Do I have Managed or Native memory leak?
I noticed someone who couldn’t figure out the cause of memory leak in managed application within the debugger. This person had basic debugging skills and was comfortable with sos. FYI the leak wasn’t in the managed code, but in the native code. The managed code was using native code via PInvoke.
Here is how I figured out the cause. Every time I have to debug a memory leak in managed code ,the first command I run is !vmstat. The !vmstat is available in psscor2.dll for .net 3.5 and for .net 4.0 it is available in sos. This command provides summary of VM. The output is similar to the VMMap tool and here is the output from the command.

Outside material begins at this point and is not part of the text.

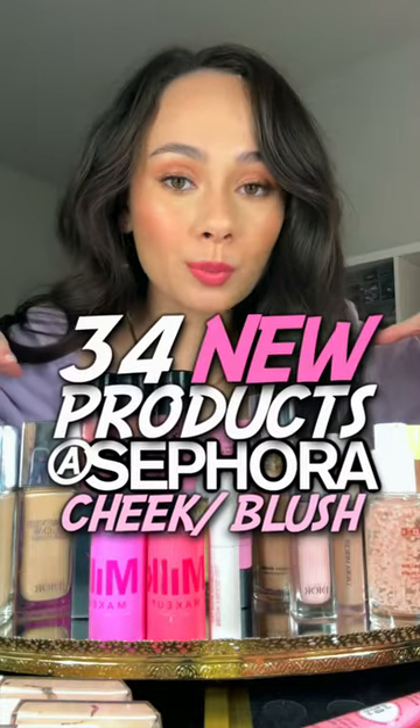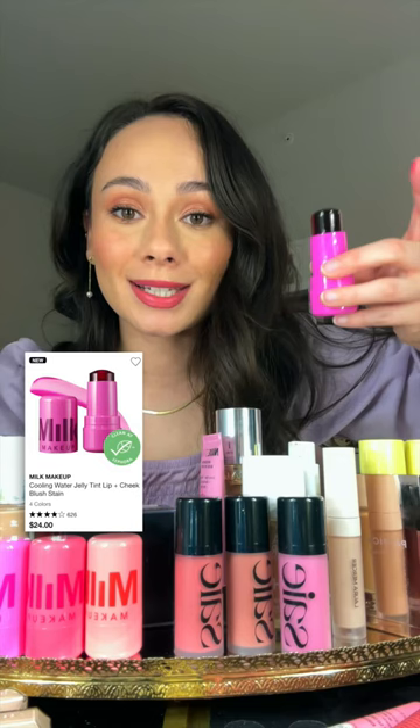Reviewing 34 of the newest products at Sephora. I'm sure you've seen the Milk Makeup Cooling Water Jelly Tints. The stain itself is really nice. I love it on the lips, but it dries really, really fast on the cheeks, so you have to work super fast.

Now that I know there is a memory leak, I always start of with running these commands
.shell -ci "!EEHeap -loader" findstr "LoaderHeap" .shell -ci "!EEHeap -gc" findstr /B "Total Size" !heapstat - iu
And here is the output from the above commands
0:004> .shell -ci “!EEHeap -loader” findstr “LoaderHeap”
Total LoaderHeap size: 0×10000(65,536)bytes
.shell: Process exited
0:004> .shell -ci “!EEHeap -gc” findstr /B “Total Size”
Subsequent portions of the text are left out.